• **WORK TASK**
Retype every line from the one containing "MIRAMAR, FL — photo 3 of 19" through the last line of the records below, both included; leave out the pictures.

MATERIAL PROVIDED: Begin

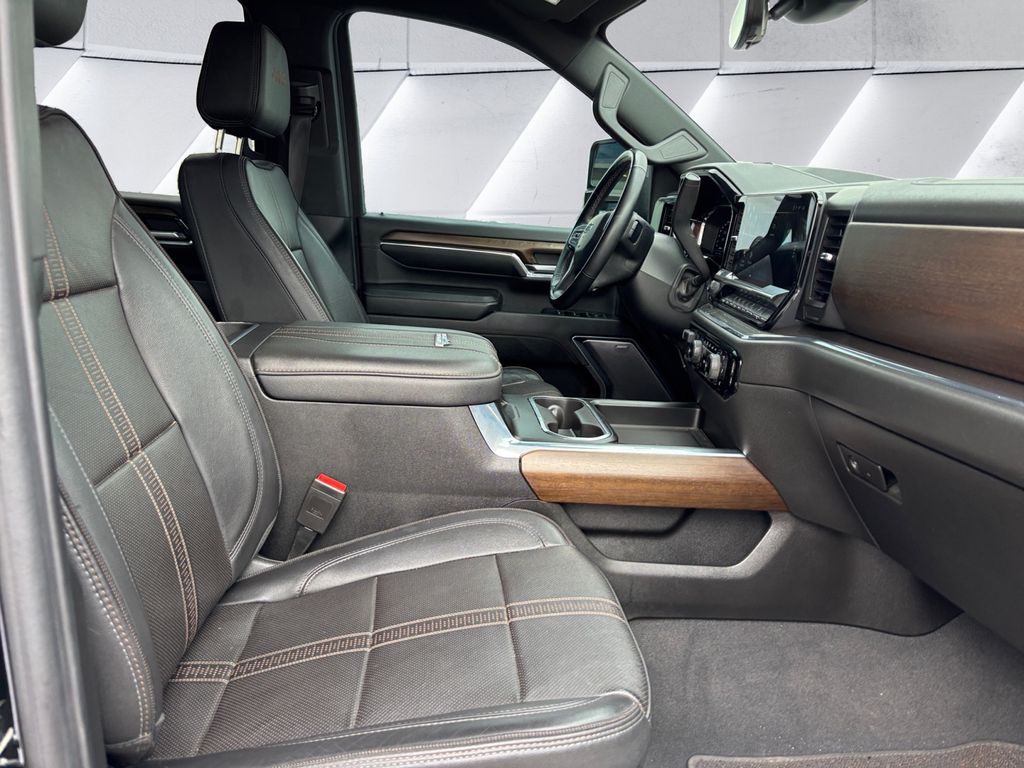 2024 Chevrolet Silverado 2500HD High Country photo 11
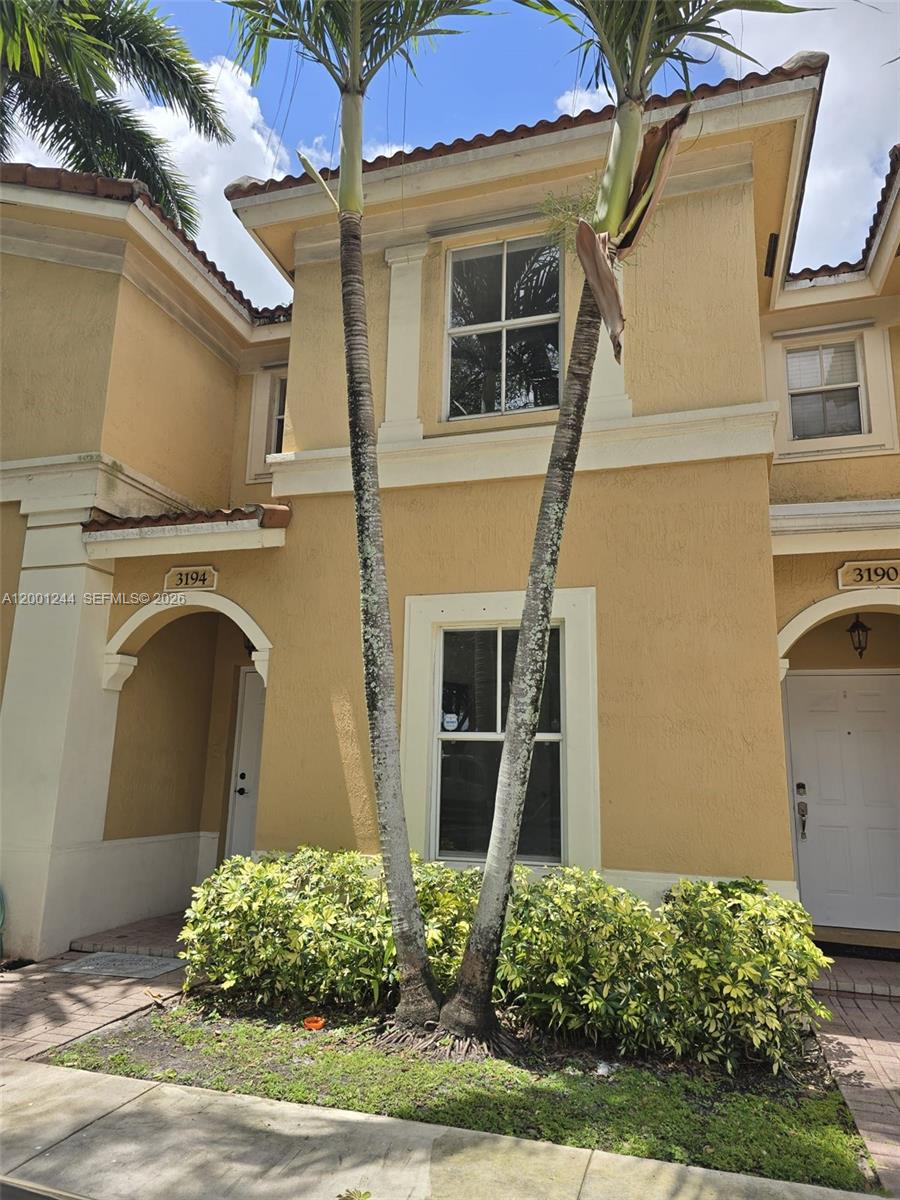 MIRAMAR, FL — photo 3 of 19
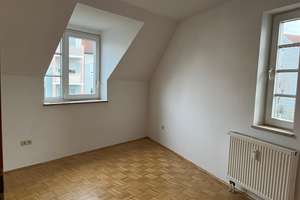Lichtdurchflutete Maisonette-Wohnung mit Balkon am Heuchelhof – Die vollständige Adresse der Immobilie erhältst du vom Anbieter., 97084 Heuchelhof, Würzburg – Vorschaubild 15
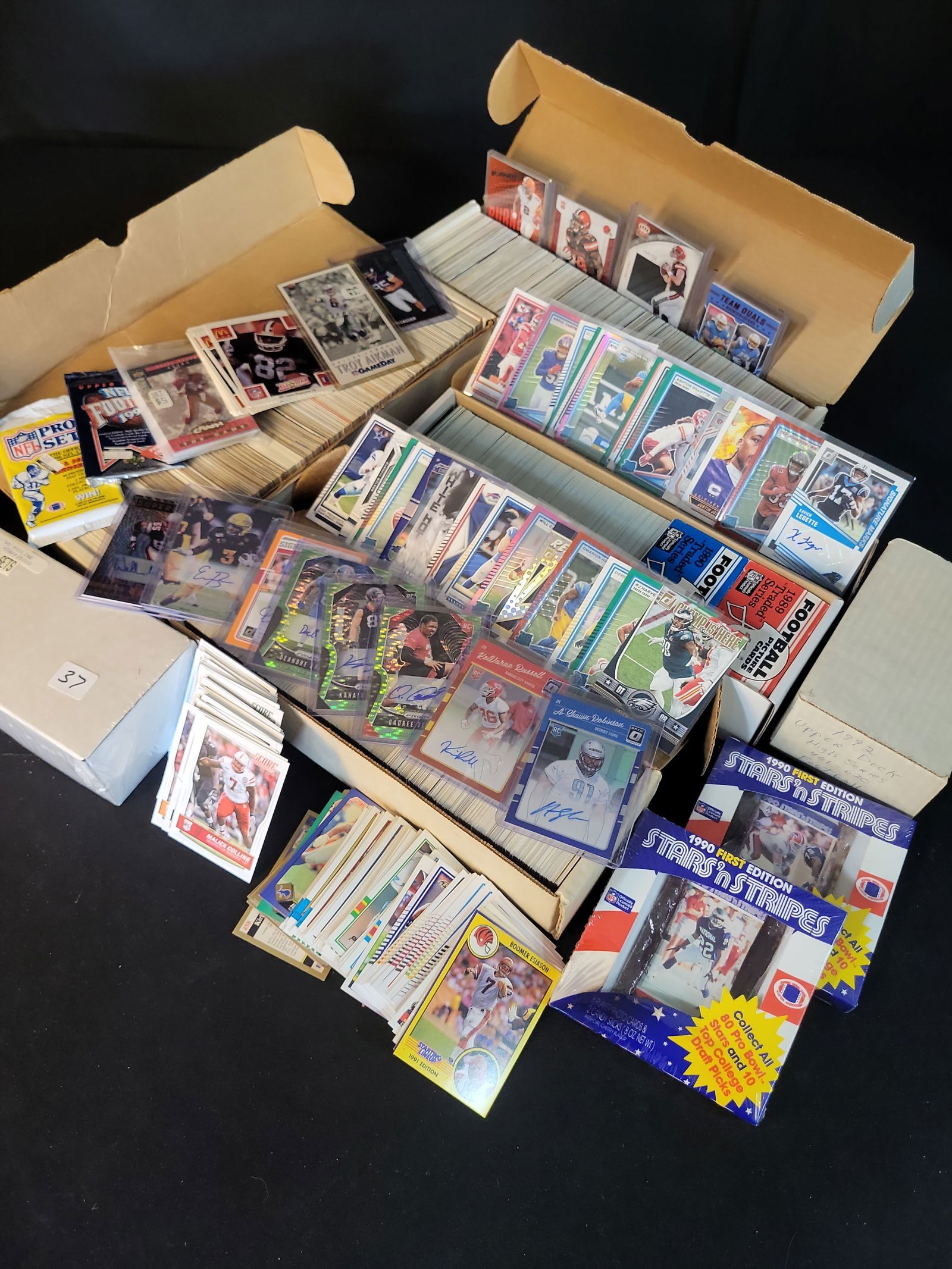 I01079 | 1989-2024 Football Trading Card Collection, Panini Autographs, Relics, Sealed Sets (1 of 16)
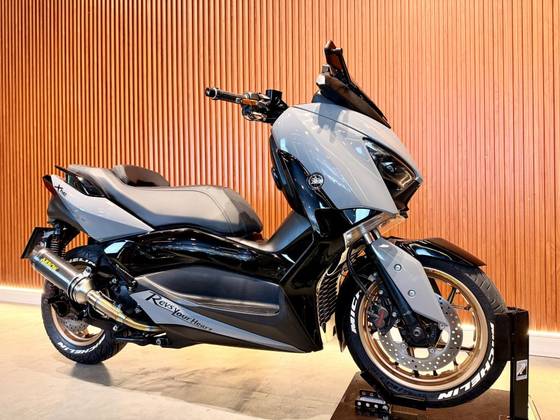 YAMAHA XMAX ABS 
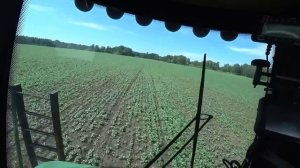 Работаю на самоходном  опрыскивателе Барс.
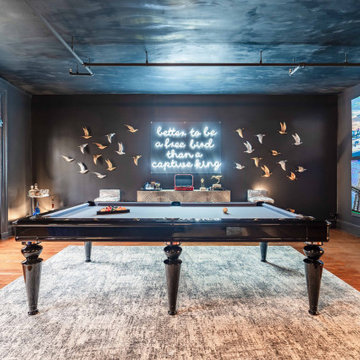 Ven Pool Table For Holiday House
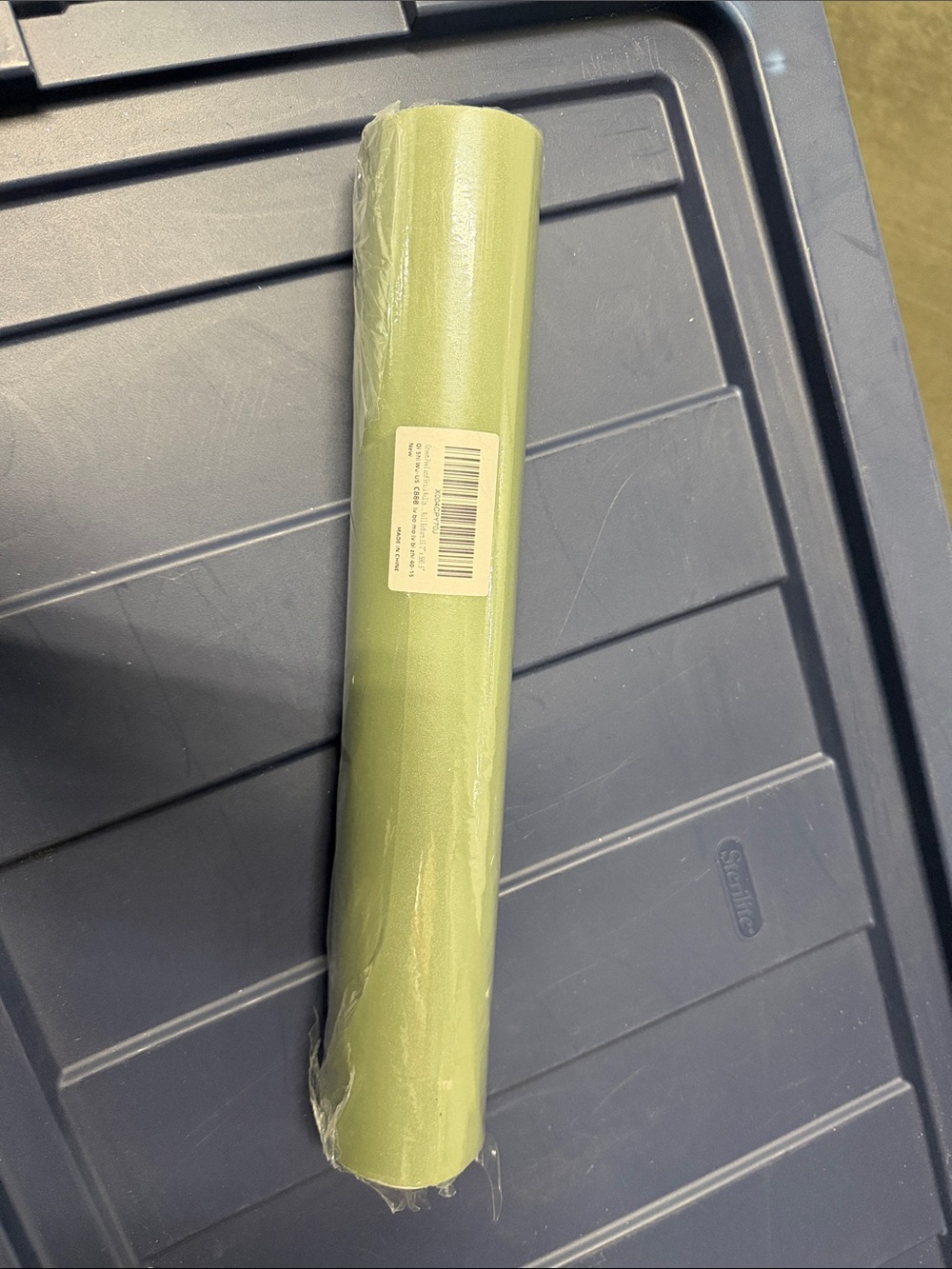 Light Green Peel and Stick Wallpaper 15.7” x 590.5” new - Decorative Roll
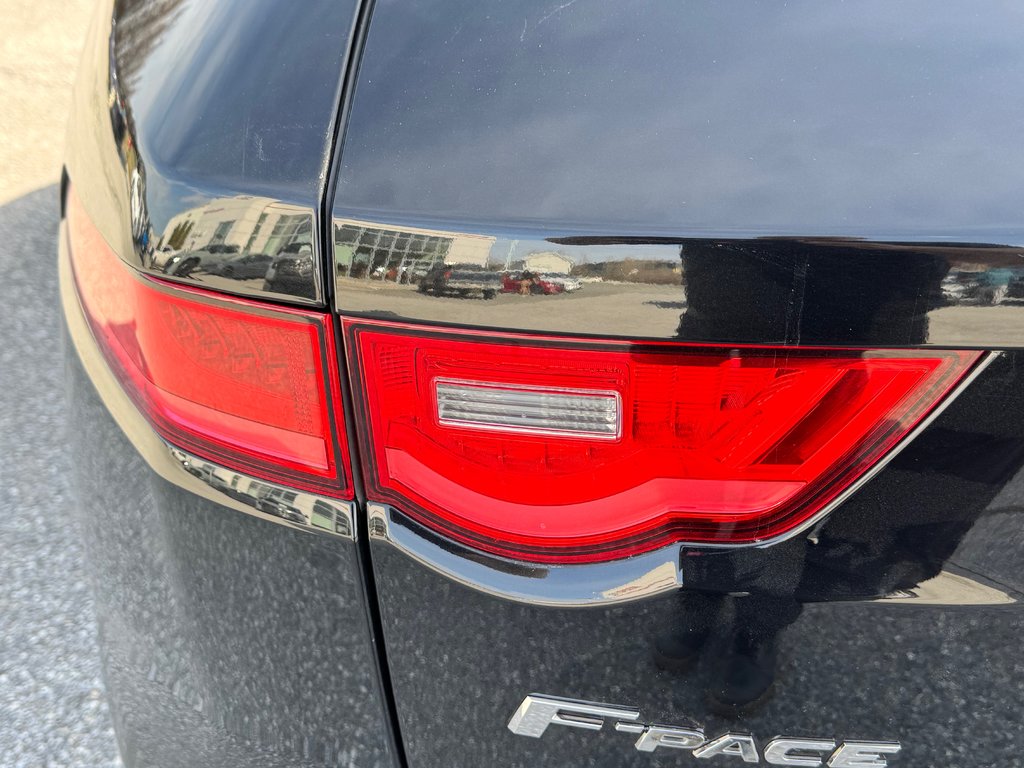 Jaguar F-PACE S PACE / TRÈS PROPRE / INSPECTÉ / TRÈS RARE / 2018 à Thetford Mines, Québec - 24 - w1024h768px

MATERIAL PROVIDED: End

• **ANSWER FOR THIS EXERCISE**
 MIRAMAR, FL — photo 3 of 19
Lichtdurchflutete Maisonette-Wohnung mit Balkon am Heuchelhof – Die vollständige Adresse der Immobilie erhältst du vom Anbieter., 97084 Heuchelhof, Würzburg – Vorschaubild 15
 I01079 | 1989-2024 Football Trading Card Collection, Panini Autographs, Relics, Sealed Sets (1 of 16)
 YAMAHA XMAX ABS 
 Работаю на самоходном  опрыскивателе Барс.
 Ven Pool Table For Holiday House
 Light Green Peel and Stick Wallpaper 15.7” x 590.5” new - Decorative Roll
 Jaguar F-PACE S PACE / TRÈS PROPRE / INSPECTÉ / TRÈS RARE / 2018 à Thetford Mines, Québec - 24 - w1024h768px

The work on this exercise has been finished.